I realized about halfway through Jeff Stimmel’s 2008 documentary about Chuck Connelly that I had met this person before, several times. I’d heard his rants before, I’d seen his behavior, I’d witnessed in person how he lived. Through my years as a writer on art, I interviewed and wrote about a number of aging artists — perhaps 6 or 7 in sum — who were very similar to the way Connelly portrays himself in the film.

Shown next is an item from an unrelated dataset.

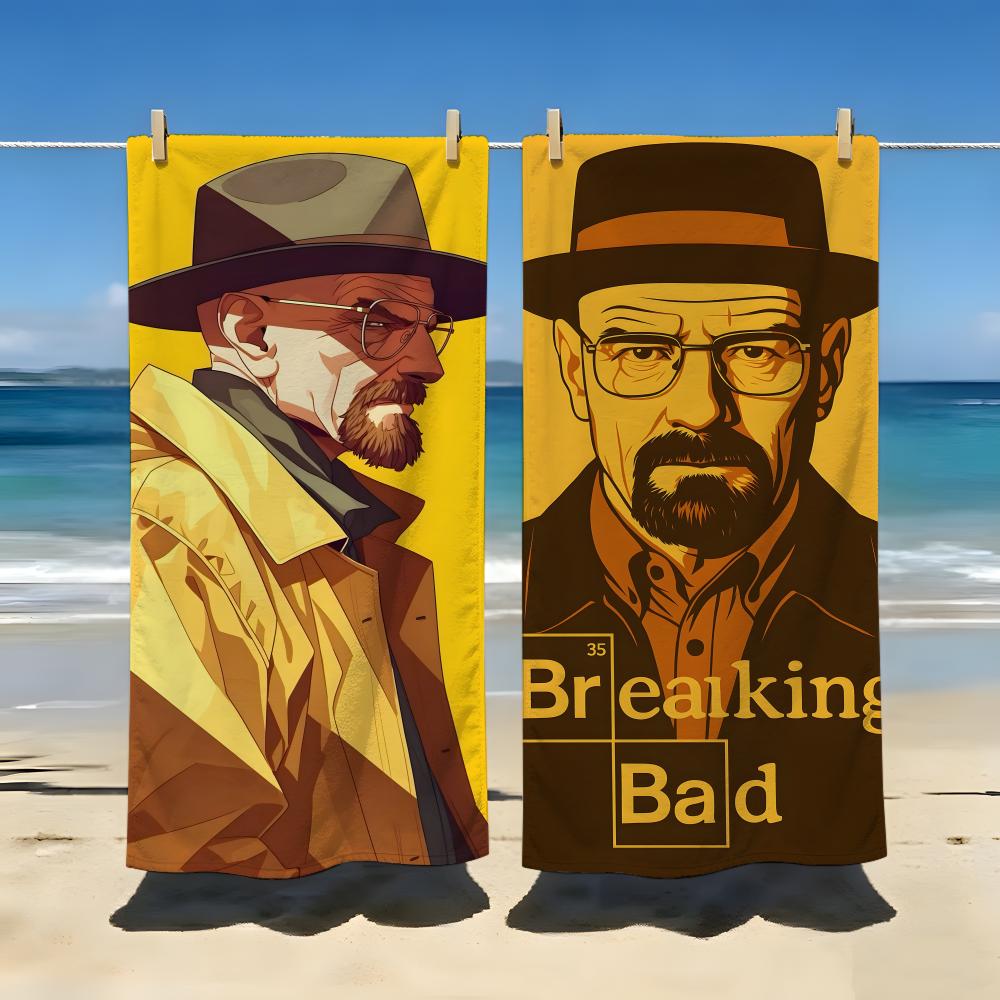 Драма B-Breaking B-Bad Полотенце Пляжное одеяло Полотенце Для путешествий Тренажерного зала Душа Роскошное Легкое Кемпинга Бассейна горячий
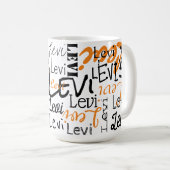 コーヒパーソナライズされたーマググ コーヒーマグカップ (正面右)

They were so much alike, in fact, that it seems there must be a personality type: The Delusional Shut-in Artist, perhaps, or maybe the Quixotic Quack Painter.

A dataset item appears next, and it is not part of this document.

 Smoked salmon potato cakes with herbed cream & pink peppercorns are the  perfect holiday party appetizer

Here are some of the character features of these men (all the ones I’ve met are men):

They are painters, most often.
They have a heroic vision of themselves (as a Great Artist, a warrior fighting against the cultural tides, a man on a holy quest for beauty, truth, etc).
They are so focused on their art — their quest — that not much else matters to them.
As a rule, they don’t care much about their appearance, and they often let themselves go.
They live in a kind of contained squalor, most often surrounded by the messy trappings of their art practice and the accumulated junk piles of the congenital shut-in.
They tend to believe that they’ve been cheated, somehow, out of the rewards (fame, wealth, attention) they feel is rightfully theirs.
They are misogynistic, abusive to their loved ones, and generally fail at interpersonal relationships.
Evenso, they can be very charismatic, attracting a succession of short-term acolytes, supporters, and co-dependents who eventually end up fleeing in disgust from being used.
They tend toward substance abuse.
They are verbally brilliant, though they think and speak in non-linear, associative ways.
They exhibit flashes of brilliance and great command of their own self-directed learning, but they tend to be, at best, emotionally adolescent.

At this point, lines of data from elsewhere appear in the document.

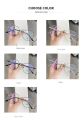 Myopic glasses Women Metal Anti Blue Light Short Sighted Eyeglasses Black Glasses With Degree - 1.0 1.5 2.0 2.5 3.0 3.5 4.0. 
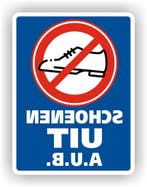 Binnen geen schoenen dragen Spiegelbeeld Raamsticker (sp.102, Verzenden, Nieuw, Overige typen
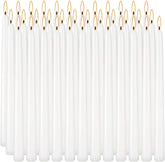 YOROXRG white 10-inch taper candles in box, perfect for weddings and home decor.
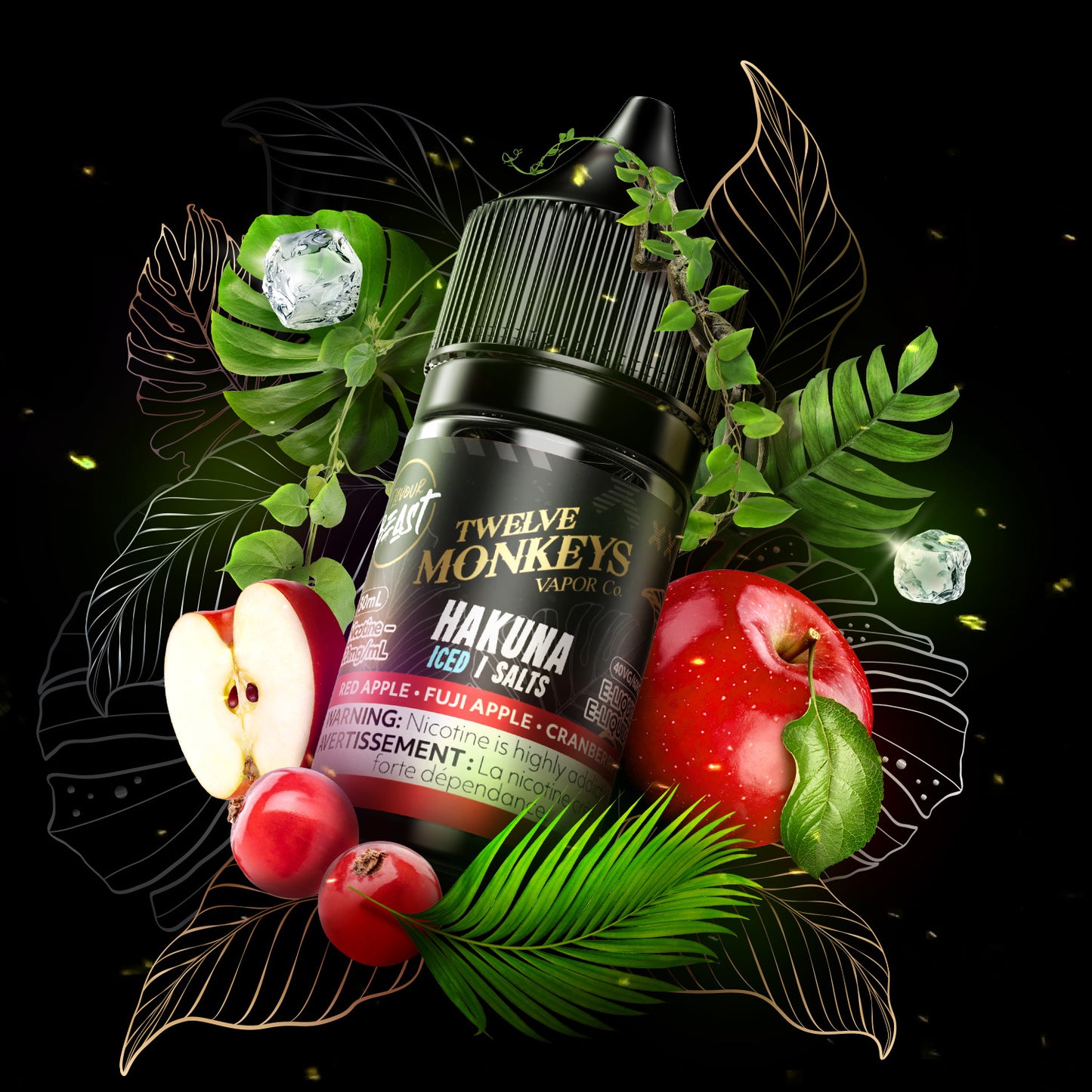 Flavour Beast x 12 Monkeys E-Liquid - 20mg/30mL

On my Minneapolis-based arts blog, The Thousandth Word, I recently collaborated with Minneapolis artist-warrior, Gabe Combs, on a piece called  “Dried Blood and Dandelion Wine.”  It reveals, in the artist’s own words, much about the raw details of his present life (as an artist recently made homeless); here’s a sample:

Being an artist is not a fashion statement that passes with the season; it’s not something that hinges on gas prices. Art is something that combines with the culture to establish roots that intertwine with and break up the cement of society so the wildflowers can grow.Art breaks up a false foundation and replaces it with dirt. I wonder if it’s really possible to make dandelion wine…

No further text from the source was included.